Exercise 9.1 Solutions (Class 9)
Circles
1. Recall that two circles are congruent if they have the same radii. Prove that equal chords of congruent circles subtend equal angles at their centres.
Given: Two congruent circles with centres O and O’. They have equal radii, so OA = OB = O’C = O’D. We are also given that the chords are equal, i.e., AB = CD.
To Prove: The angles subtended at the centres are equal, i.e., ∠AOB = ∠CO’D.
Proof:
Consider the two triangles ΔAOB and ΔCO’D.

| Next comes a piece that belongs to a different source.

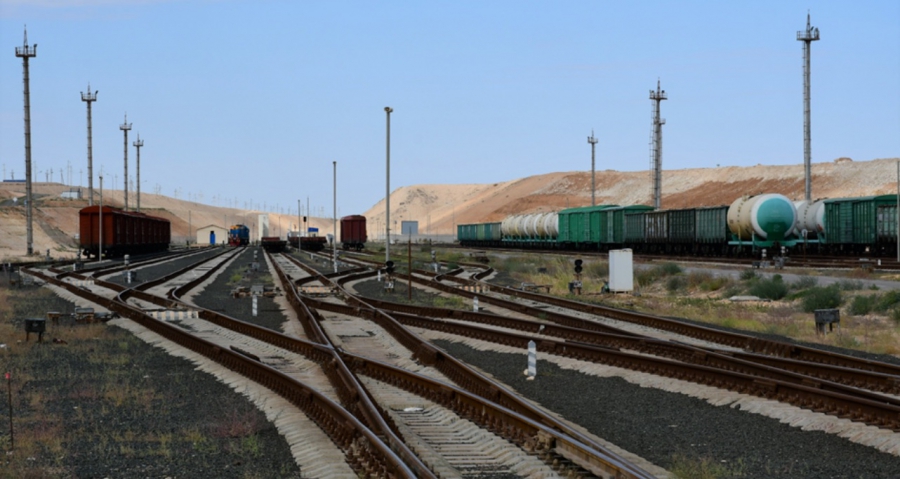 EBRD invests US$ 125 million in Kazakhstan Railways bond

OA = O'C(Radii of congruent circles are equal)OB = O'D(Radii of congruent circles are equal)AB = CD(Given that chords are equal)

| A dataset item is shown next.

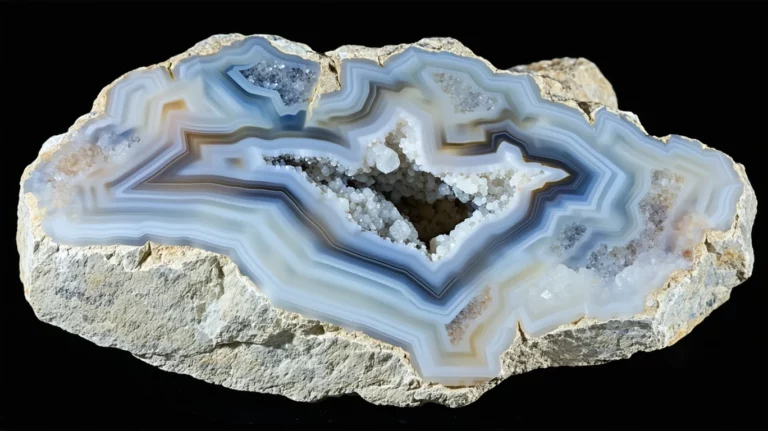 Tout savoir sur la pierre d'agate botswana : ses vertus et bienfaits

By the Side-Side-Side (SSS) congruence rule, ΔAOB ≅ ΔCO’D.
Since the triangles are congruent, their corresponding parts are equal. Therefore, by CPCT (Corresponding Parts of Congruent Triangles):
∠AOB = ∠CO’D.
Hence, proved.
2. Prove that if chords of congruent circles subtend equal angles at their centres, then the chords are equal.
Given: Two congruent circles with centres O and O’. They have equal radii (OA = OB = O’C = O’D). The angles subtended by the chords at the centres are equal, i.e., ∠AOB = ∠CO’D.
To Prove: The chords are equal, i.e., AB = CD.
Proof:
Consider the two triangles ΔAOB and ΔCO’D.
OA = O'C(Radii of congruent circles are equal)∠AOB = ∠CO'D(Given)OB = O'D(Radii of congruent circles are equal)
By the Side-Angle-Side (SAS) congruence rule, ΔAOB ≅ ΔCO’D.
Since the triangles are congruent, their corresponding parts are equal. Therefore, by CPCT (Corresponding Parts of Congruent Triangles):
AB = CD.
Hence, proved.